Time is measured by calculating the total number of clock cycles taken to perform a particular operation. This can be done by taking the difference of starting and ending the clock tick count, measured using the clock() function. This is divided by the number of clock cycles per second, to get the execution time. When N is taken as 10,000,000 in the previous vector addition programs of the CPU and the GPU, and executed simultaneously, the output is as follows:


As can be seen from the output, the execution time or throughput is improved from 25 milliseconds to almost 1 millisecond when the same function is implemented on GPU. This proves that executing code in parallel on GPU helps improve the throughput.

3 Elementwise squaring of vectors in CUDA

Now, one question you can ask is, now that we are launching N blocks in parallel with one thread in each block, can we work in a reverse way? The answer is yes. We can launch only one block with N threads in parallel.

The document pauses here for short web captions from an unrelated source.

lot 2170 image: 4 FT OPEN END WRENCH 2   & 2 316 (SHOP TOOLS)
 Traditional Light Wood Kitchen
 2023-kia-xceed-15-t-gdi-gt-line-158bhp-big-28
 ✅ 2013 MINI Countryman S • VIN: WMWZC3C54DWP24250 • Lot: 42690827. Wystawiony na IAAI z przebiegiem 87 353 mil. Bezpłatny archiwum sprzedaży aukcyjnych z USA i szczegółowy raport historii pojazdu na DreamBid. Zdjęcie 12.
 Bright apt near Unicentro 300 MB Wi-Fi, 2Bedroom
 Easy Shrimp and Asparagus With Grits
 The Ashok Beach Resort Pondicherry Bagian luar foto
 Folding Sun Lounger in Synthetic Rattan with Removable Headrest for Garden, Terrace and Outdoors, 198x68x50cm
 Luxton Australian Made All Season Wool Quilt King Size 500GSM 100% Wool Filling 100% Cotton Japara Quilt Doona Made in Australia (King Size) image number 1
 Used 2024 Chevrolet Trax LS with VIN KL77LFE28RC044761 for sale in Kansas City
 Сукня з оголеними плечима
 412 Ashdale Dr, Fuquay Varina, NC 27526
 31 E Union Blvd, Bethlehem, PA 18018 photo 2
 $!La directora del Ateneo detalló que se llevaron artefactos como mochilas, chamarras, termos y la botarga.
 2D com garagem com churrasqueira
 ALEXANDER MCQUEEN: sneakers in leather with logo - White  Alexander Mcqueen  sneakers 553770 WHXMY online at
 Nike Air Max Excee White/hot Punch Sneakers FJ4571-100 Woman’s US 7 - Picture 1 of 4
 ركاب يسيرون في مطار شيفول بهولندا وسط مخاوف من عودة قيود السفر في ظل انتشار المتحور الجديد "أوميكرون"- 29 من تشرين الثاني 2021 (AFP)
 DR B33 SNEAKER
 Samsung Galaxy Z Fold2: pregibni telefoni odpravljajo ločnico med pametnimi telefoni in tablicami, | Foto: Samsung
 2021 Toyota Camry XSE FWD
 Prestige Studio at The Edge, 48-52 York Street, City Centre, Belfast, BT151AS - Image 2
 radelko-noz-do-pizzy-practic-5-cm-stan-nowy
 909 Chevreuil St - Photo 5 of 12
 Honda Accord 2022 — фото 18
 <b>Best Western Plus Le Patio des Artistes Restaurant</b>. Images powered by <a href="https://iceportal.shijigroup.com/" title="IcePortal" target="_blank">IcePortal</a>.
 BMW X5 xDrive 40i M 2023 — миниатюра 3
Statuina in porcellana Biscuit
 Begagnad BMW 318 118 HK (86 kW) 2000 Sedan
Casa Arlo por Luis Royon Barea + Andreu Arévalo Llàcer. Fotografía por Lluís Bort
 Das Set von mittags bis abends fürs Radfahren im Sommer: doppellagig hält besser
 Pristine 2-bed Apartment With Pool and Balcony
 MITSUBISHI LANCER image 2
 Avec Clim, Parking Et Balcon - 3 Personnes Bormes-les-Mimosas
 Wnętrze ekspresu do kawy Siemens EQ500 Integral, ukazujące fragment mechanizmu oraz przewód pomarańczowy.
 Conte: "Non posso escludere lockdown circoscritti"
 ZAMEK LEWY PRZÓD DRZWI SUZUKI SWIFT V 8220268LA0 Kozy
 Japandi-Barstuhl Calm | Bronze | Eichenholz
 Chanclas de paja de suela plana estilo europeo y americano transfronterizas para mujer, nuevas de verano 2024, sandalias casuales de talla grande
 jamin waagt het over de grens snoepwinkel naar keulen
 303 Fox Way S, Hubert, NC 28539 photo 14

To show that and make you more familiar with working around vectors in CUDA, we take the second example of the element-wise squaring of numbers in an array. We take one array of numbers and return an array that contains the square of these numbers. The kernel function to find the element-wise square is shown here:

#include "stdio.h"
#include<iostream>
#include <cuda.h>
#include <cuda_runtime.h>

// Defining number of elements in Array
#define N 5

// Kernel function for squaring number
__global__ void gpuSquare(float *d_in, float *d_out)
{
    // Getting thread index for current kernel
    int tid = threadIdx.x; // handle the data at this index
    float temp = d_in[tid];
    d_out[tid] = temp*temp;
}

The gpuSquare kernel function has pointers to two arrays as arguments. The first pointer d_in points to the memory location where the input array is stored, while the second pointer d_out points to the memory location where the output will be stored.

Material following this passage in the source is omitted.